Marketing and turning customer heads must kick in from the insight and innovation stage to springboard ground-breaking new ideas. Category expertise and knowledge should be the foundation of seeing the rules that can be broken, and not just followed. Stretching brands into other categories should be explored where values and personality could fit and disrupt from a point of positive audience surprise. And learning from the global challengers in broad categories and not just the leaders should be pursued as the first point of call, as part of deep dive listening that doesn’t rely on focus groups with A or B outcomes.
Let’s not water down differentiation to the smallest of margins, fonts, or liveries. If ever there was a time for a rebirth of fresh thinking and open minds that people want to see…
3. Less complicated brand frameworks for everyday products, more focus on the ‘secret sauce’
In a world of mass consumerism, ‘brands’ are everywhere. From personal branding and social selling to traditional bricks and mortar FMCG brands that we pile high in our supermarket trollies – you can’t escape the role they play in our lives, or the amount of time marketers spend obsessing over them.
So, why do we make it harder for ourselves?
Even the simplest brand positioning framework is complicated, detailing functional vs. emotional benefits, occasions, audience personas, consumer insights that drive the minutiae of every action, unique selling points, personalities, values, vision, and purpose.
Are you kidding me?! You sell biscuits, soap, air conditioning units, stationery. Let’s get realistic. Is there such a thing as a straight-talking cookie or a dynamic bar of soap, air conditioning units that aspire to change the world, or pencils that speak directly to Gen Z drivers?
Have we become so fascinated by the world of brand and communications that we feel it necessary to romanticize what we are?
All in the hope that, by bombarding consumers repeatedly through different comms channels, you’ll eventually find their sweet spot. And have we fallen into a trap of thinking they have to say something, anything at all, just to be heard? And is the focus on noise and micro-targeted visibility, regardless of whether it moves the dial on long-term brand growth, more important than what is being said?
In Byron Sharps’s book How Brands Grow Part 1, he sets out to prove that brands grow through acquiring new customers. It’s a simple theory, that now has ‘penetration’ as a number metric on every marketer’s KPI list.

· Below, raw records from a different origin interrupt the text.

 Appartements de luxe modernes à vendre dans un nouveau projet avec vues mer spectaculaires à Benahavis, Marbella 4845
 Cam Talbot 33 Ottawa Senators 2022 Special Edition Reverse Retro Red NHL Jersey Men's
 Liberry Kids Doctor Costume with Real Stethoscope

And, I believe that, in order to acquire new customers, your potential audience needs to buy into a brand idea; not necessarily the brand itself.

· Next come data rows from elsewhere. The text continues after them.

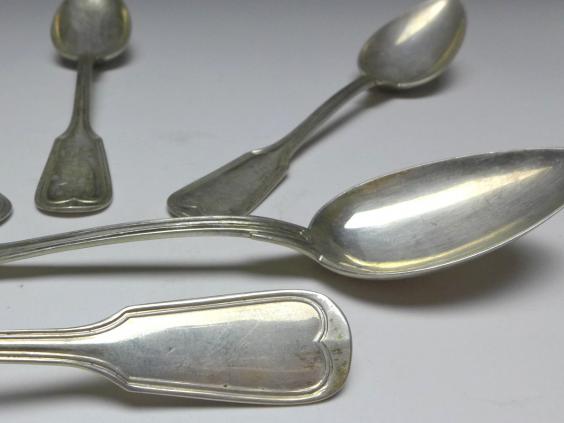 5x Löffel, Kaffeelöffel, Teelöffel, 800er Silber, Knewitz, L: 15 cm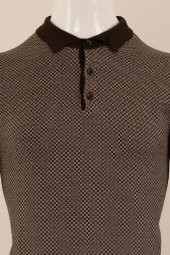 Slim Fit Yünlü Boğazlı Spor Triko - 8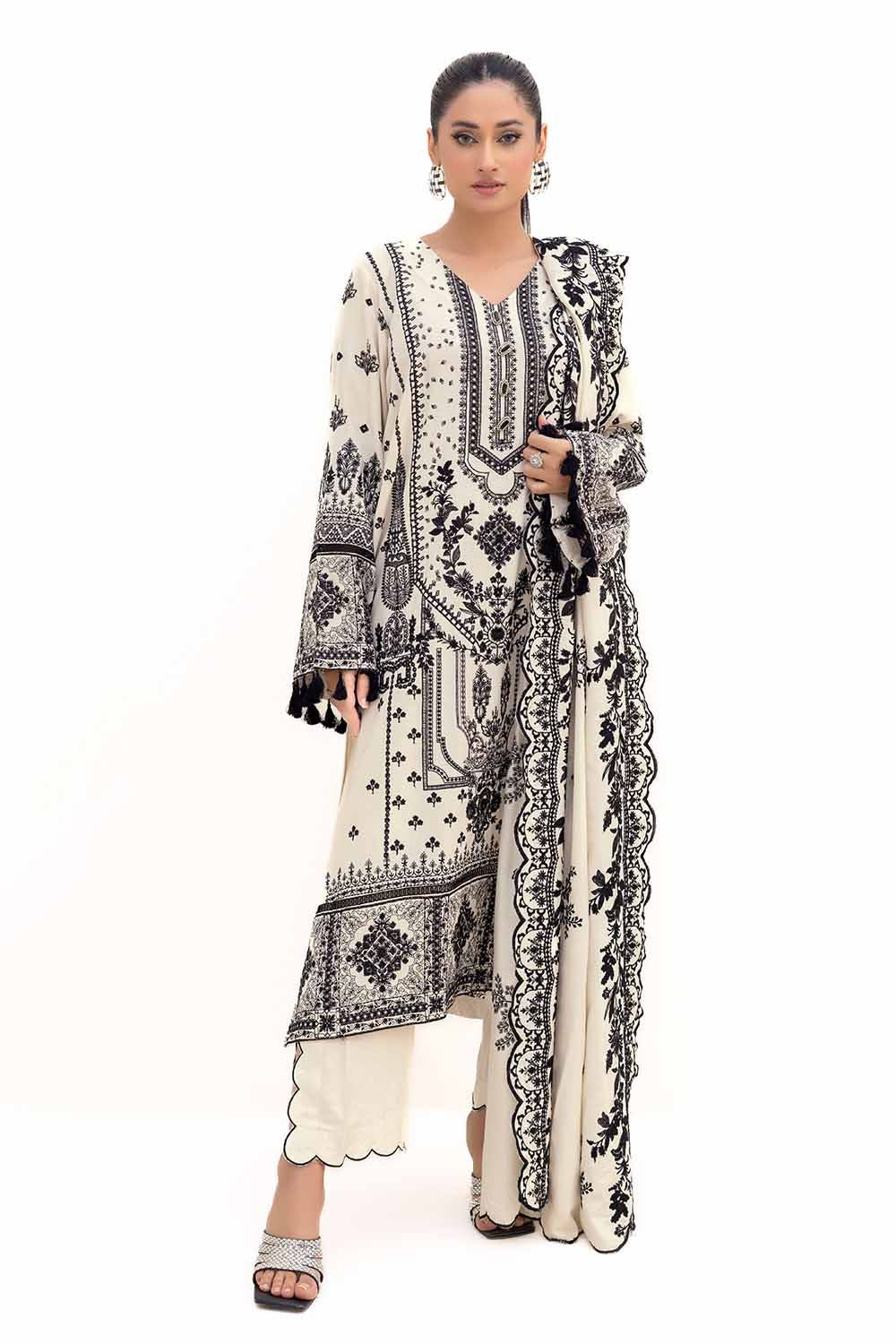 Gul Ahmed | Winter Collection 24 | Acrylic Dupatta AP-42006 by Gul Ahmed - Designer Dress - Type: Ladies Clothes - Available at Libayah - 100% Original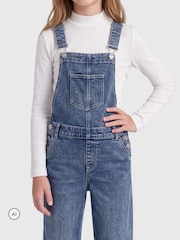 ONLY KIDS Classic Denim Bib Overalls Full-Length Straight-Leg Dungarees - صورة 4 من 7
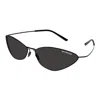 Balenciaga Bb 0350 Sunglasses In Black-black-grey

A brand idea is something simple and meaningful; a product truth, a consumer solution (solving a tension), a life hack, a passion point, to be part of a community – all of which translate into customer acquisition and growth of sales.
Al Ries and Jack Trout set out to prove (in their marketing classic ‘positioning’) that, before undertaking the 4P’s of marketing (Product, Price, Place, and Promotion), you must first focus on positioning. And specifically, the idea of positioning the product in the mind of the prospect.
Founders, entrepreneurs, and marketers always start with positioning – but very rarely with the ‘brand idea’, which needs to come way before positioning. Your secret sauce. The special bit that needs to happen before you start applying theories of brand positioning and targeting.
So, rather than obsessing with the positioning of your product for Stephanie, 22, a gym-going, animal-loving, sociable, city-dwelling cliché, focus instead on the ‘secret sauce’ question that sets you apart from the pack, rather than fitting right in. That makes you interchangeable while standing out makes you original and relevant for much broader cast mindsets in the positioning game (when you get there) as opposed to demographics. Which in today’s world is much more of a valuable scope. And much more about robust product and brand than defining marketing room only emotional brand character.
Because that is what the audience wants and needs.